- Data to examine:
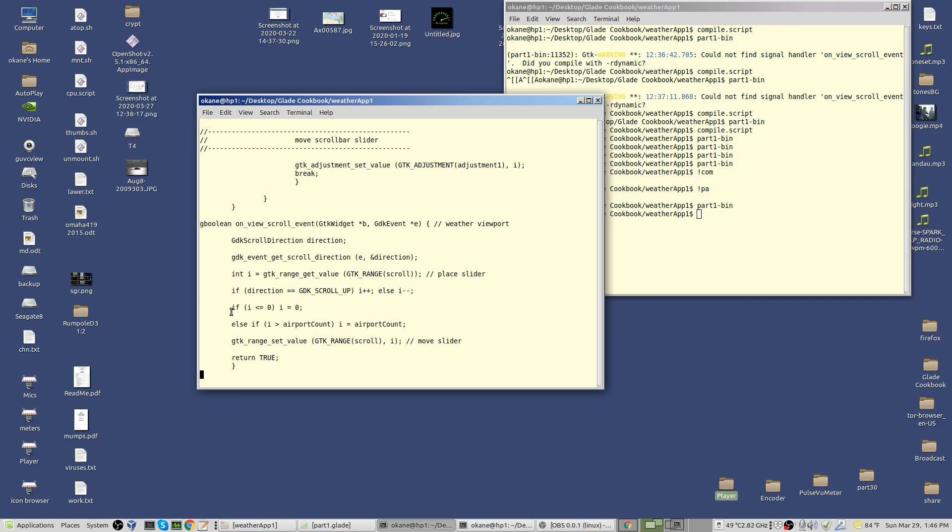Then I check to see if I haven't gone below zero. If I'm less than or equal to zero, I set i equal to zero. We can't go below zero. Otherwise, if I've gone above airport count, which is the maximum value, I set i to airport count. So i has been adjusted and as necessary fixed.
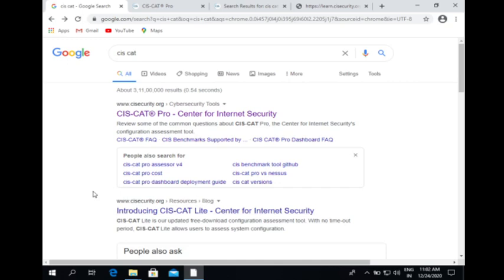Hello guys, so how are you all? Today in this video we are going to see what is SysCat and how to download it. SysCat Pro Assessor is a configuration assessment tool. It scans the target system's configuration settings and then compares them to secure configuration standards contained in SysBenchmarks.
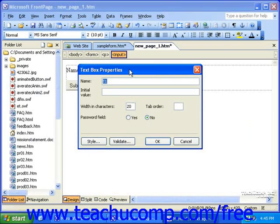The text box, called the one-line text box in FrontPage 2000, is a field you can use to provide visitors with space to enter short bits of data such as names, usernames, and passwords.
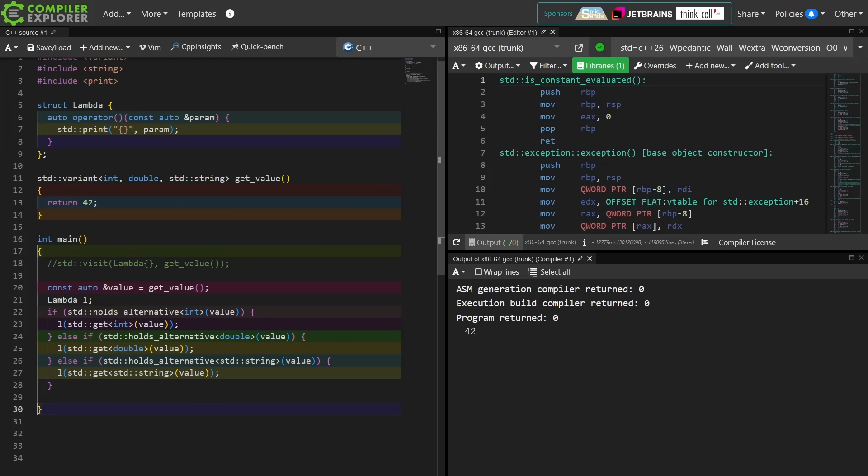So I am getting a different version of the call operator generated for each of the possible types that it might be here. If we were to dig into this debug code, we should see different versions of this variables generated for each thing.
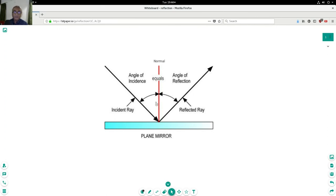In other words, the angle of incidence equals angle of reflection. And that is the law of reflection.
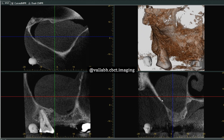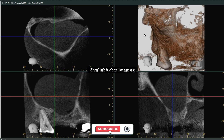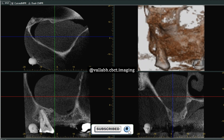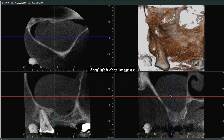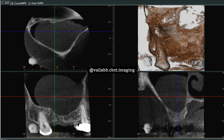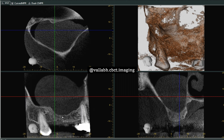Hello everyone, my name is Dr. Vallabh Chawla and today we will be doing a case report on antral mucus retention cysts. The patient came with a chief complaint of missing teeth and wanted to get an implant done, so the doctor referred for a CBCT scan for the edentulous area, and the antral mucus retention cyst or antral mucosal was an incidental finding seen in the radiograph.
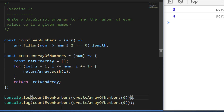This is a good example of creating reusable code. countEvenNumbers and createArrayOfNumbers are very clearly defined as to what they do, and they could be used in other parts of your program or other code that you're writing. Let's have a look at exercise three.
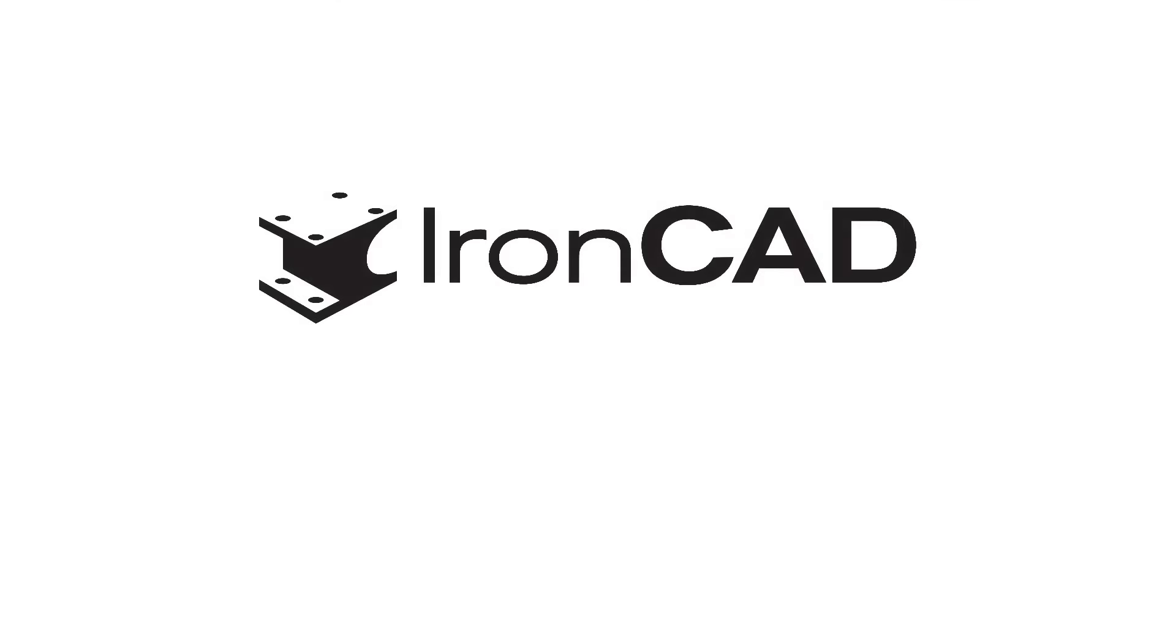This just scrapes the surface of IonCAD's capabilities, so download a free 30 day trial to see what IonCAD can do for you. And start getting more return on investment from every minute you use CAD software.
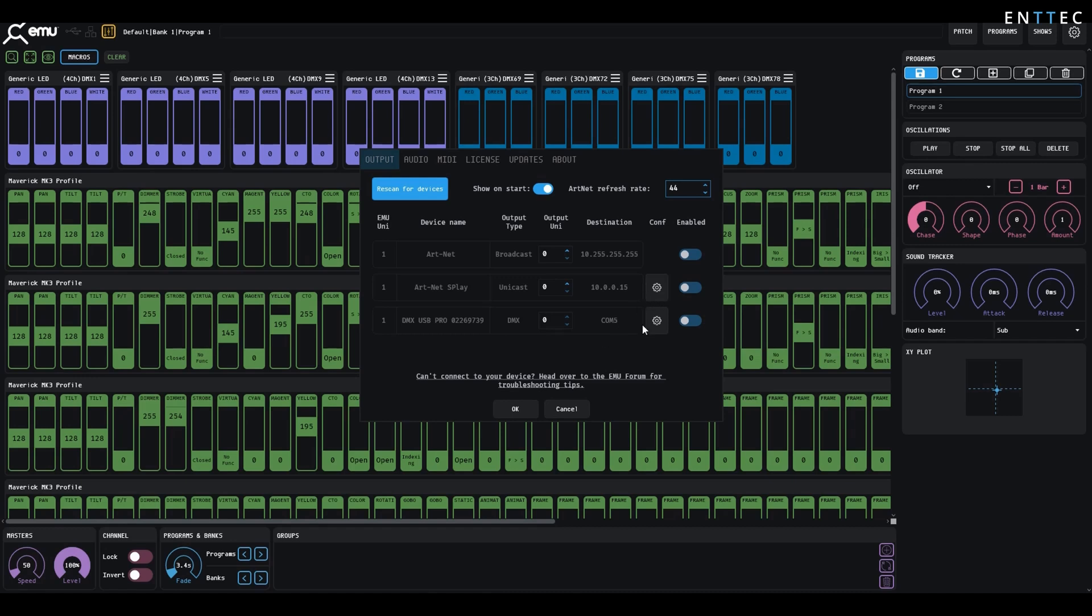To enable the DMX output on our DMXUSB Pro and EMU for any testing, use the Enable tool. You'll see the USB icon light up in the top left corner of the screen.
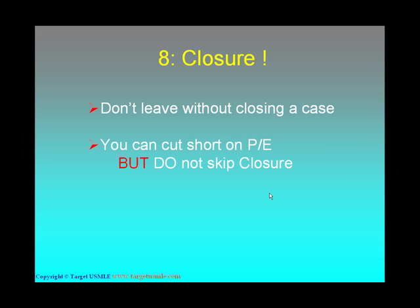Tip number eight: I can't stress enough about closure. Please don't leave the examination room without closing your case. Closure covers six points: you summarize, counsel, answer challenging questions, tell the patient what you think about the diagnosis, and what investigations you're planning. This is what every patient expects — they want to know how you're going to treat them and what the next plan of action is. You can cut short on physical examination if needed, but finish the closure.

- Your instructions: Give back each entry exactly as it appears. Leave pictures out.

- Output for this exercise:
Then I check to see if I haven't gone below zero. If I'm less than or equal to zero, I set i equal to zero. We can't go below zero. Otherwise, if I've gone above airport count, which is the maximum value, I set i to airport count. So i has been adjusted and as necessary fixed.
Hello guys, so how are you all? Today in this video we are going to see what is SysCat and how to download it. SysCat Pro Assessor is a configuration assessment tool. It scans the target system's configuration settings and then compares them to secure configuration standards contained in SysBenchmarks.
The text box, called the one-line text box in FrontPage 2000, is a field you can use to provide visitors with space to enter short bits of data such as names, usernames, and passwords.
So I am getting a different version of the call operator generated for each of the possible types that it might be here. If we were to dig into this debug code, we should see different versions of this variables generated for each thing.
In other words, the angle of incidence equals angle of reflection. And that is the law of reflection.
Hello everyone, my name is Dr. Vallabh Chawla and today we will be doing a case report on antral mucus retention cysts. The patient came with a chief complaint of missing teeth and wanted to get an implant done, so the doctor referred for a CBCT scan for the edentulous area, and the antral mucus retention cyst or antral mucosal was an incidental finding seen in the radiograph.
This is a good example of creating reusable code. countEvenNumbers and createArrayOfNumbers are very clearly defined as to what they do, and they could be used in other parts of your program or other code that you're writing. Let's have a look at exercise three.
This just scrapes the surface of IonCAD's capabilities, so download a free 30 day trial to see what IonCAD can do for you. And start getting more return on investment from every minute you use CAD software.
To enable the DMX output on our DMXUSB Pro and EMU for any testing, use the Enable tool. You'll see the USB icon light up in the top left corner of the screen.
Tip number eight: I can't stress enough about closure. Please don't leave the examination room without closing your case. Closure covers six points: you summarize, counsel, answer challenging questions, tell the patient what you think about the diagnosis, and what investigations you're planning. This is what every patient expects — they want to know how you're going to treat them and what the next plan of action is. You can cut short on physical examination if needed, but finish the closure.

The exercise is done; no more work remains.